◆ **Exercise requirements**
Search the data for the word "Luxury" and copy every line where it occurs.

◆ **Material to process**
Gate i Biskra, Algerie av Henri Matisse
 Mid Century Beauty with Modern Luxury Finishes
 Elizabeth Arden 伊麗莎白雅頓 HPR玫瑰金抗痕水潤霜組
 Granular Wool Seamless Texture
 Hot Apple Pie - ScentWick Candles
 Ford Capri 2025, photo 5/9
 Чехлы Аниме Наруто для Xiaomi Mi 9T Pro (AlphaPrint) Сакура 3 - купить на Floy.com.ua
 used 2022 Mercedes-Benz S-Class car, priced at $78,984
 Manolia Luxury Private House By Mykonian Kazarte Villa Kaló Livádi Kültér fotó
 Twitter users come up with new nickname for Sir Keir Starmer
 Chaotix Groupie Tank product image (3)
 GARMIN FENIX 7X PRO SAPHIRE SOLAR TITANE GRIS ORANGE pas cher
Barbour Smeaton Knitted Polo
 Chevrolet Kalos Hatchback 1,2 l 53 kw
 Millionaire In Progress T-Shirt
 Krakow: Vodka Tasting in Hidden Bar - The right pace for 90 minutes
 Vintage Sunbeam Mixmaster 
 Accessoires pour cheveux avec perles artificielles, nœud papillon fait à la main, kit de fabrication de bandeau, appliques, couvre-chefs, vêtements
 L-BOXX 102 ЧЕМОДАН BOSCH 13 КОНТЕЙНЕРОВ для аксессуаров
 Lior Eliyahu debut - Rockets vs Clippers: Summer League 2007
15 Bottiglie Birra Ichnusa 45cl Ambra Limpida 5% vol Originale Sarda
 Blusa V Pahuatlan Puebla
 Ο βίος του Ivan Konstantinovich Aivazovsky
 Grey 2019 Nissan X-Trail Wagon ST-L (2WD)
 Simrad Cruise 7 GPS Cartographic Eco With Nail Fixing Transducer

◆ **Task solution**
 Mid Century Beauty with Modern Luxury Finishes
 Manolia Luxury Private House By Mykonian Kazarte Villa Kaló Livádi Kültér fotó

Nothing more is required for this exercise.